Anthony Eden, Britain's hard-toiling, far-traveling Foreign Secretary, came down with a duodenal ulcer, was ordered to take at least two weeks' "complete rest." While he is gone, his boss, Winston Churchill, and Minister of State Richard Law, will carry on his job.

Fritz Mandl, sleek, shifty, Croesus-rich ex-Austrian arms manufacturer who has had his political troubles (he was blacklisted in 1944 by the State Department and is now rumored imprisoned in Argentina) ran into domestic trouble. He was sued for $80,000 in back alimony by his first wife, ex-Viennese Actress Hella Strauss. (Another Mandl exwife: Cinemactress Hedy Lamarr--see MILESTONES).

Cause for Complaint

Lady Astor, high-strung, American-born M.P., huffed, puffed and pleaded to no avail when Canadian MPs barred her from her London house, which had been requisitioned for Dominion overseas election headquarters.
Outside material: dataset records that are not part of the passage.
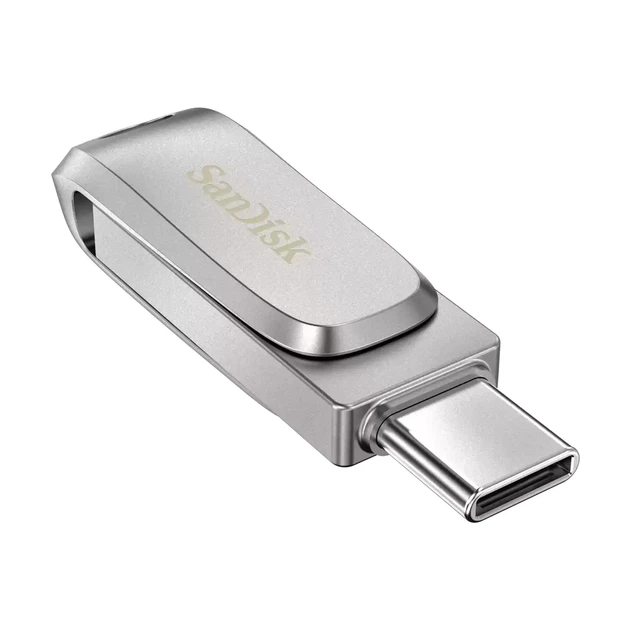 Накопитель SanDisk металлический 512 ГБ USB 3.2 Type-A Type-C Серебряный - изображение 7
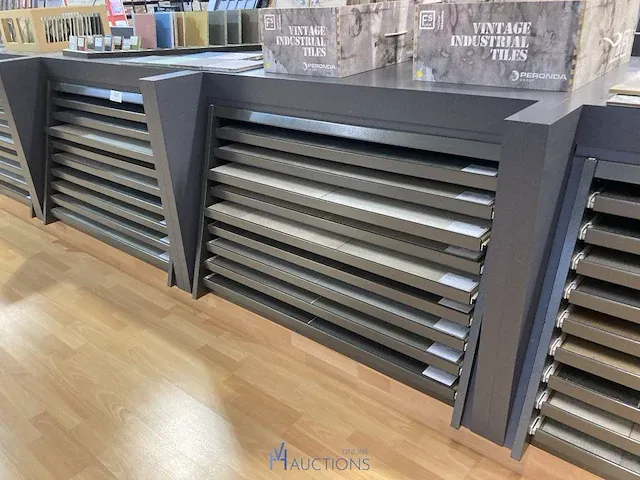 11 metalen tegeldisplays - afbeelding 2 van  5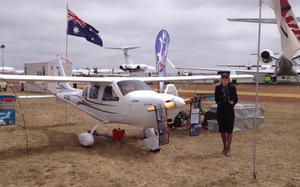 Jabiru's stand at Avalon 2013 was in the sports aircraft section. (Jabiru)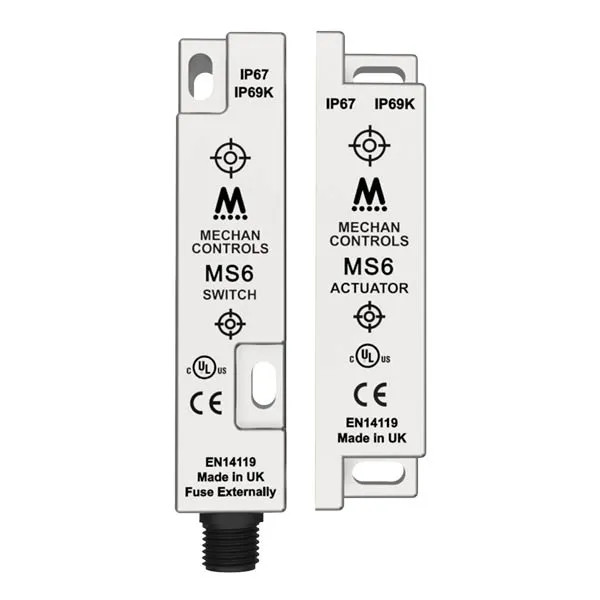 Mechan Controls MS6-SS-20-DC-QD05 MAGNASAFE SAFETY SWITCH & ACTUATOR ...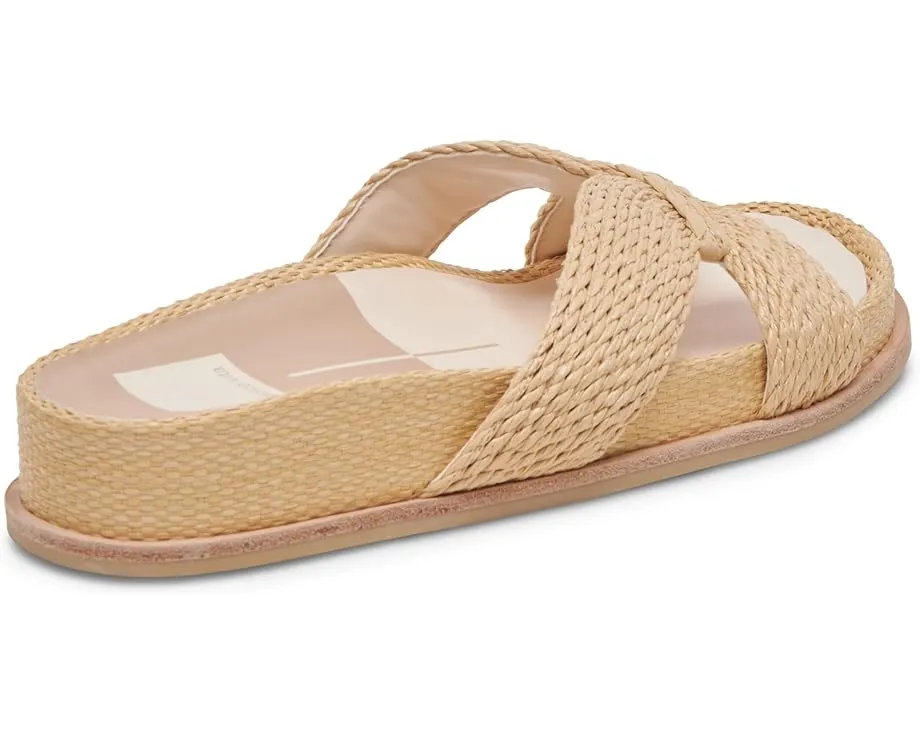 Балетки Dolce Vita Selda с контурной стелькой и ремешками из рафии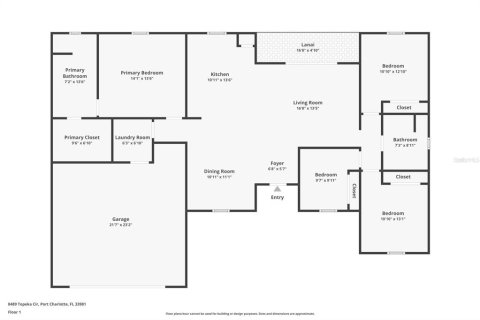 Casa en venta en Port Charlotte, Florida, 4 dormitorios, 155.52 m2 № 1419756 - foto 7
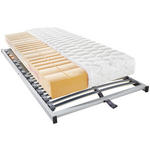 MATRATZENSET 90/200 cm  - Silberfarben, Basics, Holz (90/200cm) - Sleeptex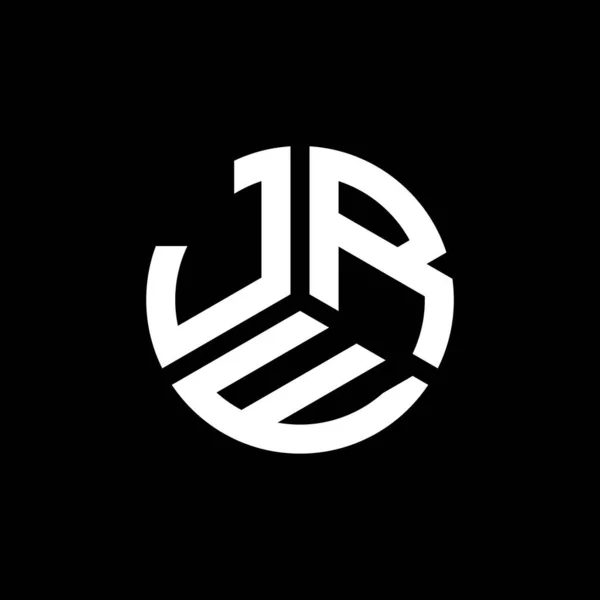 Siyah Arka Planda Jre Harf Logosu Tasarımı Jre Yaratıcı Harflerin — Stok Vektör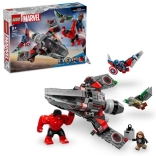 LEGO Marvel Kapitan Ameryka vs Red Hulk – bitwa powietrzna (76292)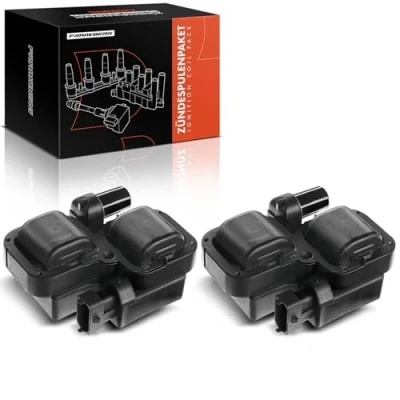 Abbildung von 2x Zündspule Zündkerze für W169 W245 W202,S202 CL203 CLK C208 C209 A208 A209 C219 W210,S210 W463 W163 W164 W251, V251 W220 C215 R129 R230 R170 R171 SLR Viano/Vito 1997 2020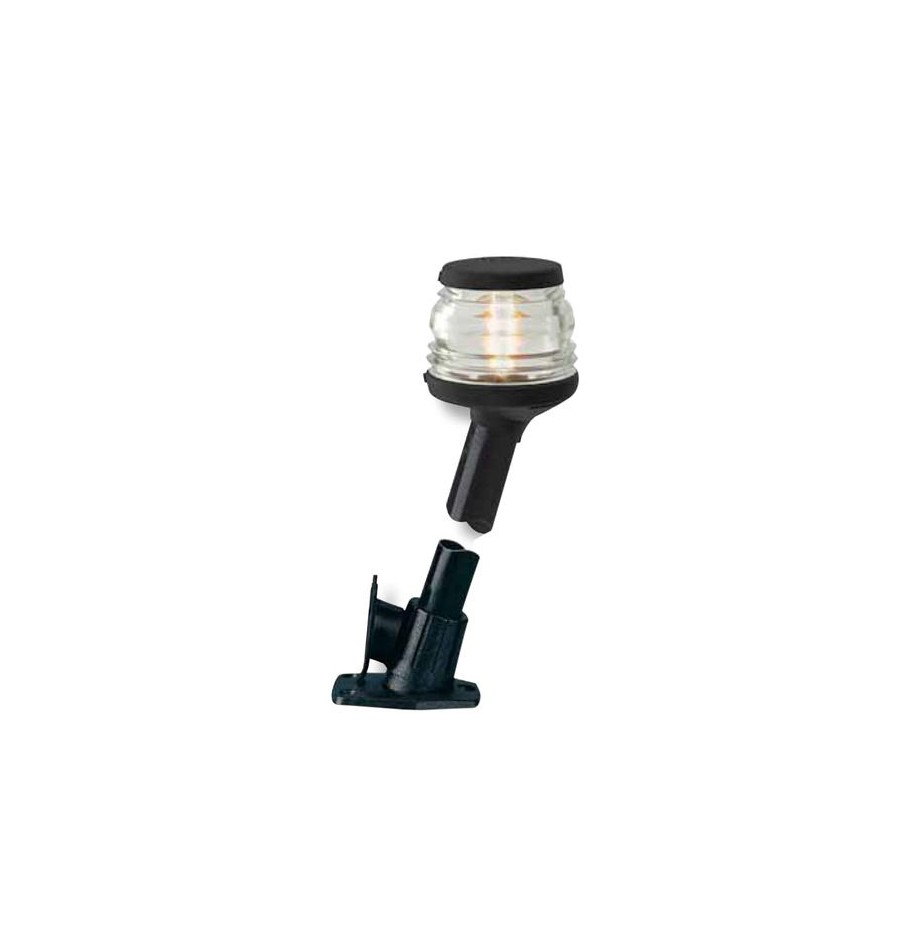 Aqua Signal Serie 20 360 ° All-round Black light Telescopic Inclined Mast 610mm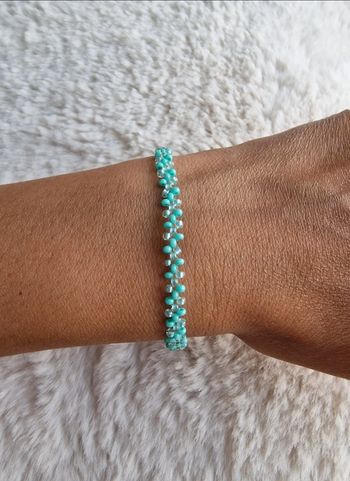 Bracelet thème été vert d'eau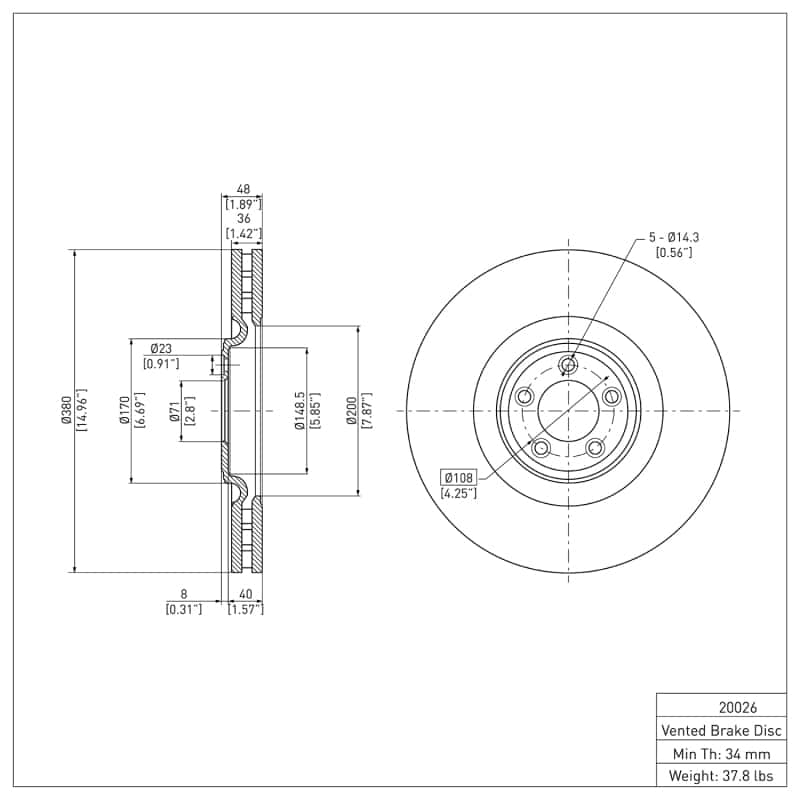 DFC — DFC 10-24 Jaguar XFR-S Front GeoSPEC Coated Rotor
DFC Brake Rotor - view 6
She was assured that she would be able to get in as soon-as the voting was over--nine days later.

General Joseph W. ("Vinegar Joe") Stilwell, 62, now at, a spit-&-polish job (Chief of the Army Ground Forces), was remembered in a more casually dressed post (U.S. commander in the CBI Theater). One G.I., not recognizing the General as he wandered about the front without his star-spangled insignia, commented: "Just look at that poor old man--some draft boards will do anything;"

June Havoc, pert musicomedienne who broke her kneecap last summer during a performance of Mexican Hayride, showed the injured member to interested doctors at New York State Workmen's Compensation Bureau, demanded more compensation for depletion of a capital asset. Paying customers, she explained, "expect to see my knees. I can't turn or kick and all I do is fake a few jitterbug steps."

Ezra Pound, brick-bearded expatriot facing a U.S. treason charge for broadcasting Fascist propaganda from Italy, debated what poetic justice should be in his case, finally concluded: "Well, if I ain't worth more alive than dead, that's that. If a man isn't willing to take some risk for his opinion, either his opinions are no good or he's no good."

Richard Lloyd George, Earl of Dwy-for, bemoaned the fact that he had inherited a title but no money from his father, the late David Lloyd George. "[Father] wasn't himself, or he never would have taken the title. . . . Suppose the Welsh National Hospital asks for a contribution. The donor's list will say, 'Earl Lloyd George of Dwyfor gave two and six [50-c-].' That would look very good!"

Frank C. Walker, outgoing Postmaster General, was advised by U.S. Circuit Judge Thurman Arnold that the U.S. Post Office should let Esquire's scantily-clad Varga girls alone, stick to carrying the mails. Upholding Esquire's right to low-cost mailing privileges, whether its frisky, odalisquey girls are art or not, Judge 'Arnold chided Walker's "mental confusion": "He appears to think . . . the second-class mailing rate . . . is an award for resisting the temptation to publish mate rial which offends persons of refinement. [No one gave him the right] to determine what is good for the public to read."